The Black Dog and Pure Joy

I can’t even begin to explain how doubtful I was about getting a puppy after my beloved Cavalier King Charles, Sophie,  died in January after sharing thirteen and a half years of life with me.

Reflection of a Black Dog
Reflection of a Black Dog

My biggest fear was that I just wouldn’t be able to bond with a puppy even if s/he was the the cuddliest, most puppyish pup in the world.

It was out of pure heartache that I got Stan and it was in a hopeless sort of hope that he could somehow help to take away some of the pain and emptiness I was feeling.

It seemed to be right and fitting that I would get a dog with spaniel ears and I was determined that the dog had to be jet black. When I held ten-week old Stan, just ten days after Sophie’s death, and felt our hearts beating as one as our eyes met, I knew I had to bring him home.

It was only the other day when I was listening to Roddy Doyle talking about his new book for children, which features a black dog, that I suddenly realised how my need for a black dog was all tied up with my low, low mood and Winston Churchill’s Black Dog of Depression came flooding back to me.

It also came to me that four of the most joyous days of my life have been the days that I first met the precious dogs that have punctuated my life. I can remember every single detail about those meetings.

Each one of the dogs has been an absolute joy and young Stan is carving out his own unique place in my heart. Yes, he’s digging up the garden, robbing the kitchen table, eating my shoes ….. but he is full of life, hope and love.
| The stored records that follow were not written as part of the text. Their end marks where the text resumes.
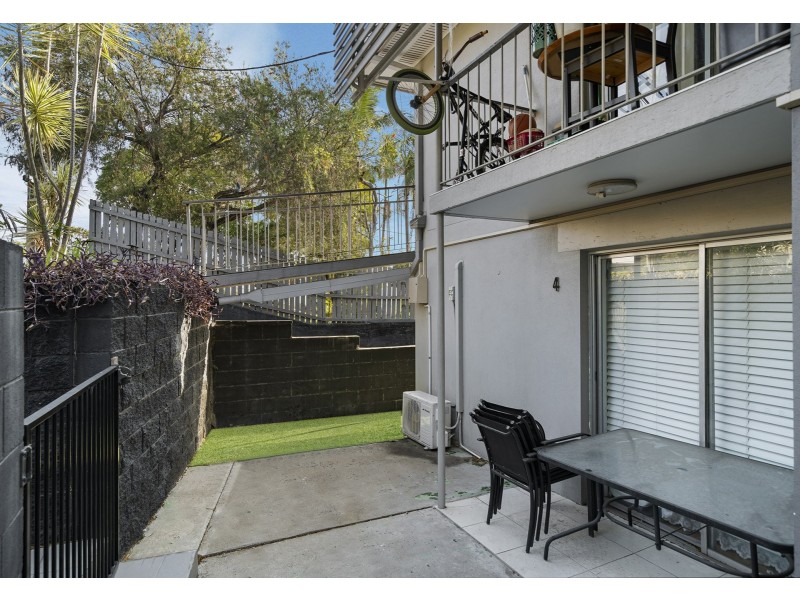 1-4/223 Beaudesert Road, Moorooka QLD 4105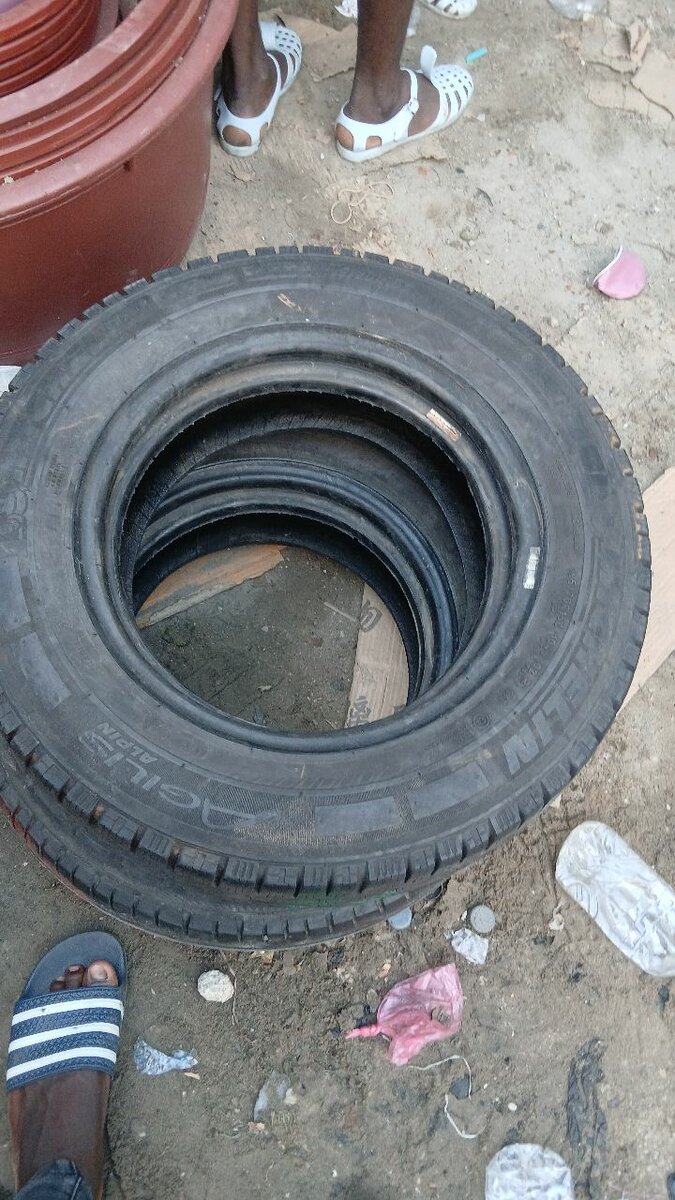 Pneu robustes pour camion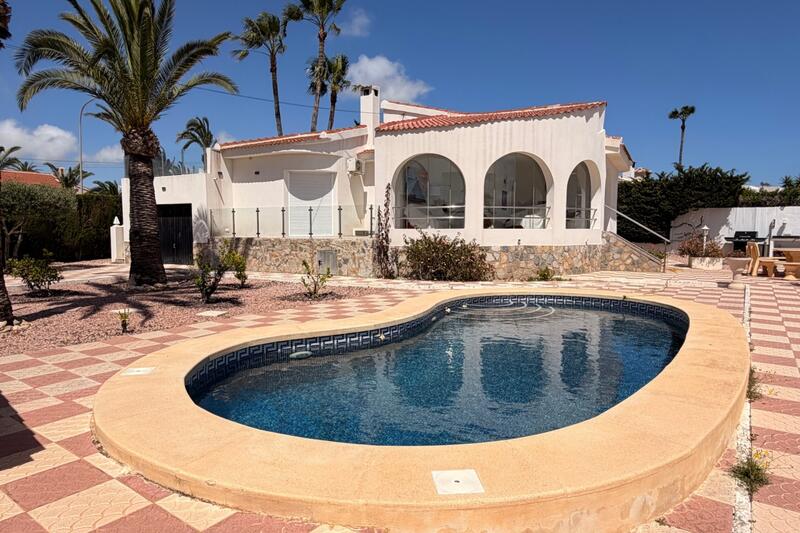 3 slaapkamer Villa Te koop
Stan: Taking a Breather in Tramore Beach
Stan: Taking a Breather in Tramore Beach

 

 

 

 

Author: socialbridge

I am a sociologist and writer from Ireland. I have worked as a social researcher for 30 years and have had a lifelong passion for writing. My main research interests relate to health care and I love to write both non-fiction and poetry.
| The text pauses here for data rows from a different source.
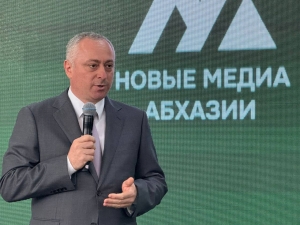Президент посетил первый модуль образовательного проекта «Новые медиа Абхазии» в Пицунде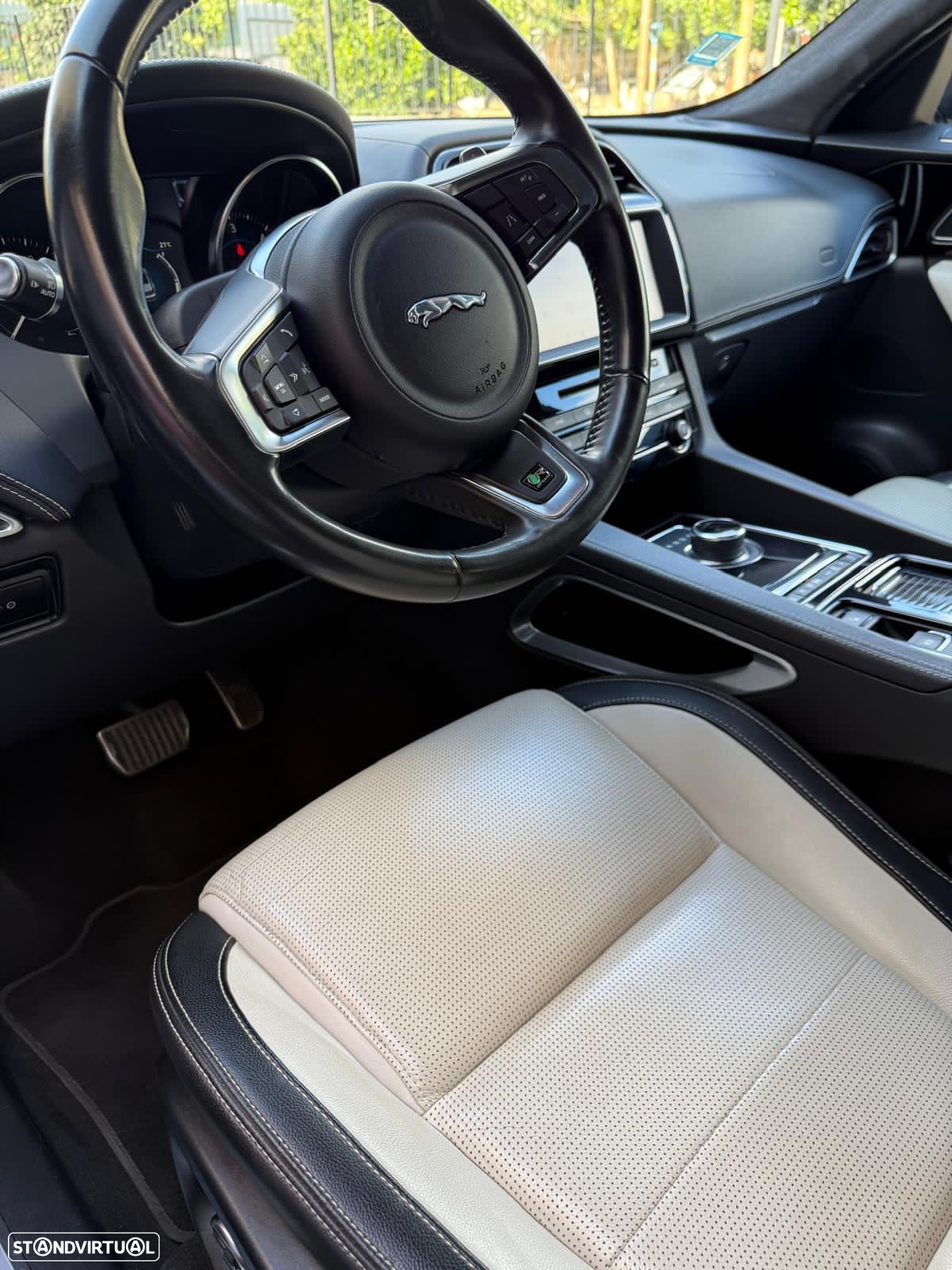 Jaguar F-Pace 2.0 i4D R-Sport Aut. - 3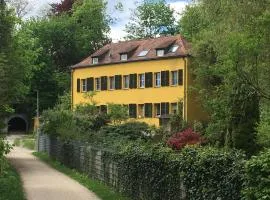 Zentrumsnahe Dachwohnung in grüner Oase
10 thoughts on “The Black Dog and Pure Joy”

  1. I’m so happy to hear of the joy Stan is bringing to you. He is a beautiful dog. I feel the same way about our new rescue puppy that is part Silkie terrier and part Papillon. She weighs 7 pounds and my mom has never had such a small dog. We’ve had poodles, Shih Tzus, and most recently a Bichon Frise. He passed recently after 13 years as well. But I think he guided us to our Smokie. She is easy for mom to handle and is the epitome of a lap dog.

    I look forward to hearing more stories about the join Stan brings to you.

    1. Susie, thanks very much for your kind words and sympathy on your recent loss too. I’m delighted that you’ve found Smokie. Funny how the term ‘lap dog’ is often seen negatively but I see nothing but positivity in how you are using it here!

  2. Thanks, Jean, for sharing such a sentiment–it resonates with me. We have three rescued black labs, because in Mississippi, being a black dog means you are first to be euthanized at the shelter. I often wonder if it is part of the institutional racism here, but black dogs are last adopted, first euthanized, and you don’t see many of them in public. We lost our beloved German Shepherd, Rex, just a couple of weeks ago, and yes, it leaves a hole in your heart that you think will never mend. Because we still had 4 dogs (yes, we are suckers for rescuing animals), we do not anticipate another dog, but times past, once a bit of healing has ensued from the grief, we have always gone ahead with another. If you are a person who loves dogs, and the joy of sharing your life with one (or 5 or 6 which we have been known to do when circumstances dropped them in our lap), it seems just natural.

    Stan is beautiful.

    1. Suz, thanks very much for writing. I’m stunned about the attitude to black dogs over with you. It sounds so cruel and unjust.

      My heartfelt sympathies on the death of Rex. I know that while having other dogs is a help, it certainly doesn’t mean that somehow you miss the beloved one that has passed any the less.

  3. I’m not sure if you’ve seen photos of Copper, our chocolate lab, Jean. We adopted him 2 1/2 years ago, shortly after our Lucky Girl (black lab) died…my point is I can relate to the love you share with your new addition, Stan, and he is simply adorable. Your photos melt my heart, too. And you made me chuckle at the end about digging in the garden, etc…because Copper has done his share of destruction, due to some separation anxiety. He’s mellowed out quite a bit, but is only about 3 1/2 years old so still young in our eyes. He’s got choppers on him, though, and I really feel he’s part T-Rex after seeing some stuff he’s done. 🙂 Thank God we got through the beginning! Like you said, though, he’s brought so much love and joy to our family, so ” the getting to know each other” stage was well worth it. I know Stan will continue to bring you much joy and many kisses!

  4. Hi Jean – Stan is going to have such a great life! We have 3 rescues, 2 golden retriever sisters and a lemon Labrador. Here’s the thing about Labs – they are curious, shameless about food and have cast iron stomachs! Bananas disappear (skin and all) mysterious bulbs appear on the kitchen floor and turn out to be avocado stones (flesh and skin being inside said Labrador) and he doesn’t even have the grace to have an upset tummy!